Türkiye’yi sırasıyla Pakistan (1,4 milyon) ve Uganda’nın (1,13 milyon) takip ettiğini dile getiren SP Merkez İlçe Başkanı Fatih Yıldıran,  “Avrupa’dan listeye giren tek ülke 4. sıradaki Almanya. Bu ülke 1 milyon 21 bin mülteciye ev sahipliği yapıyor. Listedeki diğer ülkeler ise şöyle: İran (979 bin), Lübnan (974 bin), Bangladeş (943 bin), Etiyopya (920 bin), Sudan (908 bin) ve Ürdün (705 bin). Bu listeye ve rakamlara dikkatlice bakıldığında 2018 yılı itibariyle listede ilk 10 ülke Almanya haricindeki ülkeler savaş, çatışma ve iç karışıklık olan bölgelerinde bulunan ülkeler. Yani ülkelerinden kaçan insanlar zenginlik ve refah için değil, hayatlarını kurtarmak için göç etmek zorunda kalan insanlar olduğunu rakamlar açıkça ortaya koyuyor. Aynı raporda Türkiye gelen mültecilerin %15’ini Iraklılar oluşturuyor ve Türkiye’den göç eden mültecilerin yine %23,9’unu Iraklılar oluşturuyor. Yani Türkiye’ye göç ederek hayatını kurtaran mülteciler refah arayışı için Türkiye’de kalmıyor. Refah arayışını için Türkiye’yi bir durak olarak kullanıyor”dedi.

Listede Avrupa’daki tek ülke olan Almanya’nın ise kabul edilen göçmenler ile ilgili çeşitli aşamaları şart koştuğunu kaydeden Fatih Yıldıran, “Kabul edilen göçmenlerle ilgili 2021 yılı mart ayında çıkartılan Nitelikli İş Gücü Göçü Yasası’nda (FEG)

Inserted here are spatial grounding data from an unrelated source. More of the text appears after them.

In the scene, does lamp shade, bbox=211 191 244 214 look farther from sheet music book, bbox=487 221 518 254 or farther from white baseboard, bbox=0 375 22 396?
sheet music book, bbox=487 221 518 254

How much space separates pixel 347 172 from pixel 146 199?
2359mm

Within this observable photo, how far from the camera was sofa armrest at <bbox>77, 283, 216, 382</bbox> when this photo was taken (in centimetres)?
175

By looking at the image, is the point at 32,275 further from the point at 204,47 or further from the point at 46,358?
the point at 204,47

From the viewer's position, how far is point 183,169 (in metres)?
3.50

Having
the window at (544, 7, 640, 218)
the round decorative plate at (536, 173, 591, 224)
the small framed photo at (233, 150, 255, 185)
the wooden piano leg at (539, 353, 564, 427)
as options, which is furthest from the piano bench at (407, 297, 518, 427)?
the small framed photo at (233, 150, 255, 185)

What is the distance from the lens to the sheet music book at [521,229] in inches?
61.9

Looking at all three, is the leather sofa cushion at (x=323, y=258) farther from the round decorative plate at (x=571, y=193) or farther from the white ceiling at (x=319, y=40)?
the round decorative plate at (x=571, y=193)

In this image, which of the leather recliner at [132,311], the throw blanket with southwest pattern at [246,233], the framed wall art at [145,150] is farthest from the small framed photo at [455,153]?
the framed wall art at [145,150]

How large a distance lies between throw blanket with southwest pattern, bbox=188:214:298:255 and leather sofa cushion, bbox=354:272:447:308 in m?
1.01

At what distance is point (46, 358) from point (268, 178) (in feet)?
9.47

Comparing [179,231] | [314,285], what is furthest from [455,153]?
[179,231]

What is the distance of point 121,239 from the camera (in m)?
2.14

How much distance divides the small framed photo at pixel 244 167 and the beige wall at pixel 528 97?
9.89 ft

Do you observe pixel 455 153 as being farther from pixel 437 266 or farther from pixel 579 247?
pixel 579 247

Almanya kabul edeceği göçmenler ile ilgili kriterlerini şöyle sıralıyor: Bu kişiler, öncelikli olarak Almanya’da denkliği tanınmış üniversite mezunları. 2020 yılından itibaren de yine denkliği tanınmış nitelikli meslek okulu mezunları. Programa kabul edildiği takdirde dil (Almanca) yeterliliği. Gibi bazı ön kabul şartları belirlemiş durumdadır. Avrupa da bulunan diğer ülkelerin mülteci karnesi ise 2021 yılında tüm Avrupa sadece 267.360 kişiyi olarak sığınmacı kabul etti. 2022 de bu rakam artacak çünkü Ukrayna-Rusya savaşından ötürü 3,8 milyon Ukraynalı Avrupa’ya göç etti.

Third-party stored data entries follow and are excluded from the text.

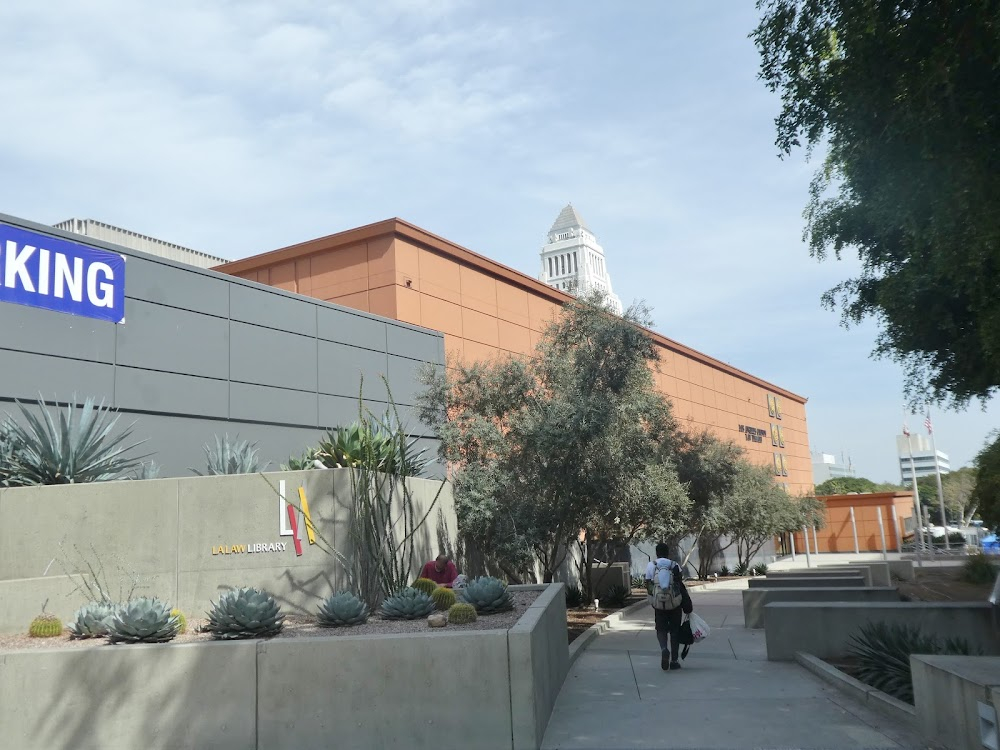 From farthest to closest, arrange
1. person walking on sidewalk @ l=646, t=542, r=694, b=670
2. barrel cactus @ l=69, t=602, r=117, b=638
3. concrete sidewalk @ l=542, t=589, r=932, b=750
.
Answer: person walking on sidewalk @ l=646, t=542, r=694, b=670, barrel cactus @ l=69, t=602, r=117, b=638, concrete sidewalk @ l=542, t=589, r=932, b=750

ABD’de ise sığınmacı kabulü konusunda 2021 yılında toplan 11 bin göçmen kabulü yaptı. Ayrıca Ukrayna savaşından sora 100 bin Ukraynalı kabul edeceğini açıkladı. Ayrıca Türkiye’den ABD’ye yönelik düzensiz göçte rekor artış olduğu resmi rakamlara göre 2022 yılının ilk beş ayında 11 bin 827 Türk vatandaşı Meksika sınırından ABD’ye geçerek teslim oldu. Gidenlerin büyük kısmı yola Çorum ve Ağrı’dan çıktı. Bu rakam 2021 yılı boyunca 5 bin ile sınırlıydı. Yani bırakın mültecileri artık kendi vatandaşlarımız dahi kendi ülkemizde refah arayışında değiller. Avrupa kendi değerlerini erezyona uğratacağı korkusu ile bu göçmenlik mevzusuna gayri insani olarak yaklaşıyor. 2020 yılında TSK’nın terörist gruplar için başlatmış olduğu İdlip harekatı sırasında Türkiye Yunanistan sınırını açmış ülkenden bir anda yüzbinlerce mülteci sınıra akın etmiş ve Yunanistan’ın insanlık dışı muamelesi ile geri çevrilmişti. 

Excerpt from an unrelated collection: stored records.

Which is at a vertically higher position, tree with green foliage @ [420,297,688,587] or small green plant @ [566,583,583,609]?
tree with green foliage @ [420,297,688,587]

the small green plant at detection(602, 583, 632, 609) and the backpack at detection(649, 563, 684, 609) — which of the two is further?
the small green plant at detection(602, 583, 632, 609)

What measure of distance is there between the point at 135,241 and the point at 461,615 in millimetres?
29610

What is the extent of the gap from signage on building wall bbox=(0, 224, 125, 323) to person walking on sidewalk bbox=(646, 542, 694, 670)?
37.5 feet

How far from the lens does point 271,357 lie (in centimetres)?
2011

Ayrıca İngiltere’de yaşanan son olay ise hem devletimiz hem milletimiz adına onur kırıcı bir hal almıştır. İngiltere Başbakanı Boris Johnson’un istifasının ardından başbakan adaylarından İngiltere Dışişleri Bakanı Liz Truss seçilmesi halinde göçmenleri Türkiye’ye gönderme vaadinde bulundu İngiltere buna benzer bir anlaşmayı daha önce Ruanda ile yapmıştı. Tüm bu hadiseler gösteriyor ki Türkiye sığınmacılar için bir bekleme odası bir durak veya Avrupa için kendi kültürünü korumak için kullanılan bir kalkan, bir sınır karakolu vazifesinde. Yukarıda belirtilen ve raporlar, rakamlar ve olaylar göstermektedir ki bırakın yabancılar için zenginlik ve cazibe merkezi olmayı Türkiye kendi vatandaşları için bile bile bu kriterleri karşılayamıyor. Hal böyleyken, Cumhurbaşkanı Başdanışmanı Ayhan Oğan’ın katıldığı bir panelde, “Ülke olarak sürekli göç alıyoruz. Bu coğrafya sürekli göç alan önemli bir konumdadır. Göç veren yerler fakirleşirken, göç alan yerlerle ilgili temel tespitler ise göç alan yerlerin zenginleştiği, büyüdüğü ve güçlendiği tespit edilmiştir. Bunun örnekleri var. İstanbul Türkiye’nin niye en büyük şehri, göç aldığı için büyümüştür ve güçlenmiştir. Göç alan hiçbir yer fakirleşmez. Bu sosyal bilimlerin temelidir. Etrafımıza baktığımız zaman bizim yıllar önce yönettiğimiz bölgeler, bu bölgelerdeki insanları yabancı gibi göremeyiz. Geçmişe baktığımız zaman savaşta bile Türk’e teslim olan biri düşmana teslim edilmez. İslam’da da bizim bunlar kardeşimizdir. Bu doğrultuda hadiselere bakmak lazım” şeklinde ki söylemi gerçeği değil sadece istatistikleri tersten okuyarak milletimize pembe bir tablo çizmeye çalışmasının zavallı bir tezahürü olarak görmek gerekiyor” ifadelerini kullandı.  (Haber Merkezi)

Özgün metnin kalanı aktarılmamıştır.